Cinemania foi apresentado no Festival do Rio 2002 – no meio de uma maratona de filmes, um filme que documenta figuras estranhas que assistem sempre a vários filmes por dia. Pois então, por mais estranho que possa parecer ao longo da sessão, o contexto adequado para Cinemania sem dúvida é um festival de cinema, justamente porque ali seus espectadores encontrarão razões para se identificar com as figuras documentadas. Ao mesmo tempo, é preciso reconhecer o bom humor dos programadores, até porque este é o tipo de filme que pode desestimular os espectadores do filme de fazerem novas incursões no festival. Afinal, o filme parece crer que a cinefilia cobra um alto preço dos seus fiéis – dificuldades nas relações cotidianas (como acontece com Roberta), nas questões amorosas e sexuais e nos problemas financeiros. Todos estes são problemas comuns a muita gente em diversos períodos – mas pelo título o filme já denuncia sua intenção, a de investigar a cinefilia em nível possivelmente patológico como causa e/ou conseqüência de todas estas dificuldades.

Bem, daí temos o seguinte: estamos de fato compreendendo (e nos reconhecendo) nas pessoas documentadas? Ou será que estamos apenas morrendo de rir ou de pena ‘daquelas figuras esquisitas’? Se for assim (e, infelizmente, é esse o caminho que o filme segue), então Cinemania é um filme contra a cinefilia. Legal. Para quê? A melhor hipótese é que seja para tirar público do Festival do Rio – onde pode provocar reflexões necessárias em alguns que se identifiquem um pouco com os problemas das pessoas retratadas e que, no dia seguinte a um filme desses, podem aproveitar o tempo livre para passear, meditar um pouco ou ir dançar ao som de uma boa música.

Porque em circunstância diversa teremos um filme que não demonstra qualquer interesse por idéias minimamente consistentes dos seus personagens acerca dos assuntos que realmente lhes interessam – à exceção de uma apologia da opção pela vivência dos filmes em detrimento da realidade que acontece fora das salas de cinema, num depoimento que parece ser escolhido por ilustrar a tese do filme de forma pouco sutil – até grotesca.

Como que numa tentativa de justificar ou tentar validar seus retratos, o filme termina com a obviedade de nos mostrar seus personagens se vendo documentados na tela – e um deles sugere que o filme seja mais longo, numa bela egotrip.
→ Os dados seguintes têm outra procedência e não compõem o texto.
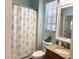 Updated bathroom with granite countertop, decorative shower curtain, and ample lighting at 1676 Van Buren Way, The Villages, FL 32162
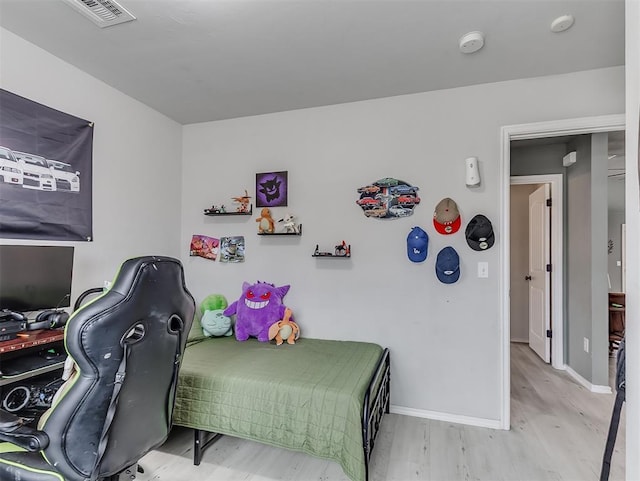 bedroom featuring visible vents, baseboards, and wood finished floors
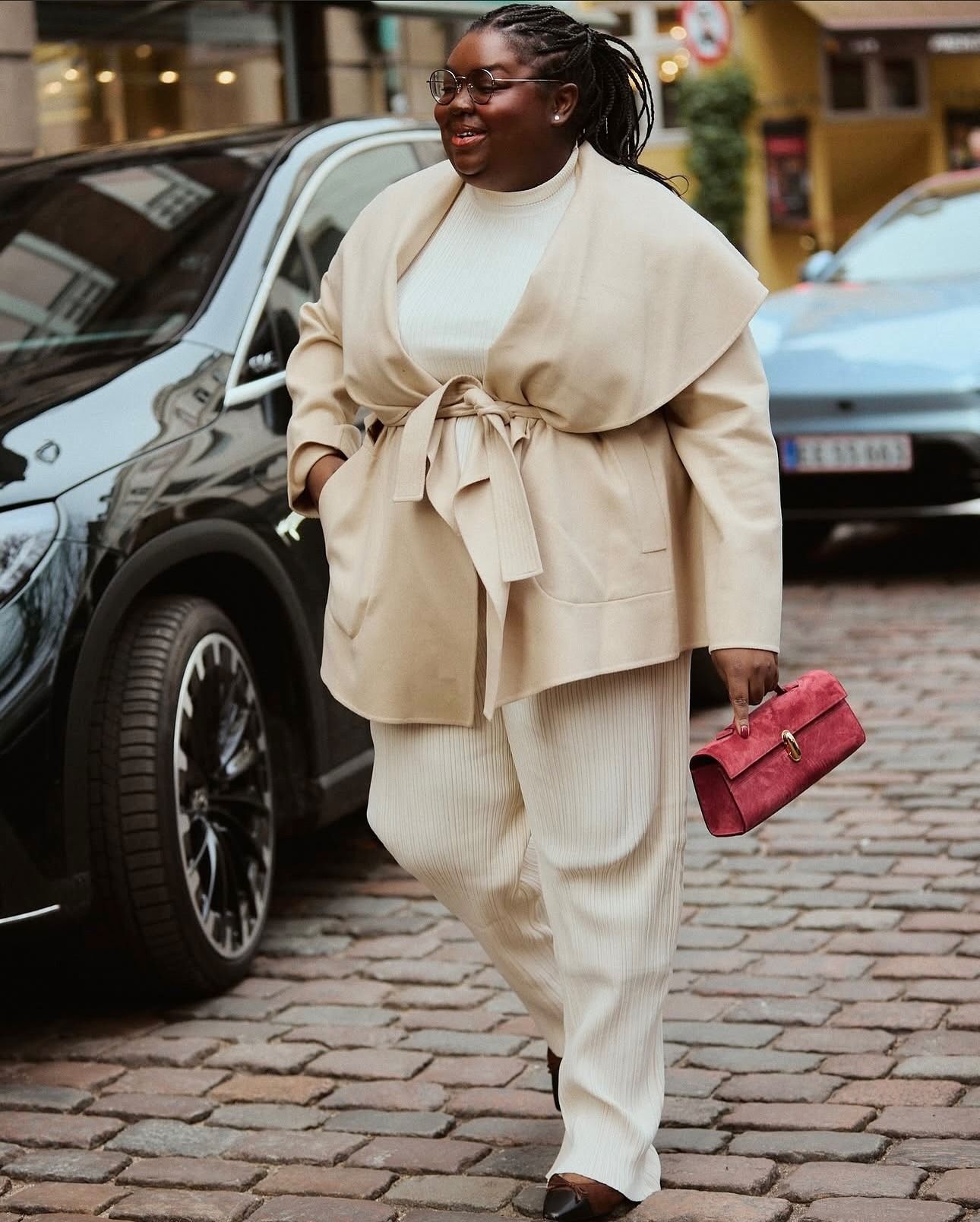 Abi wears an ivory coat, ivory pants, black flats, and a red Savette bag.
Mesmo que nos pareçam cruéis, os retratos são reconhecidos como fiéis pelos retratados – e daí que o são? Isso não acrescenta muita coisa, infelizmente.

Vale lembrar, de todo modo, que são bastante divertidos os curtos momentos em que a platéia pode eventualmente se identificar com as manias dos personagens – como nos comentários sobre projeções fora de foco ou consumo de pipoca durante os filme – o que é mais um indício de que é bem restrito o público a que o filme parece se destinar, na melhor das hipóteses. Pode funcionar como filme-advertência num festival-evento de cinema internacional. Fora dessas circunstâncias, o filme é apenas cruel, nada além disso – e não parece alcançar qualquer outro propósito.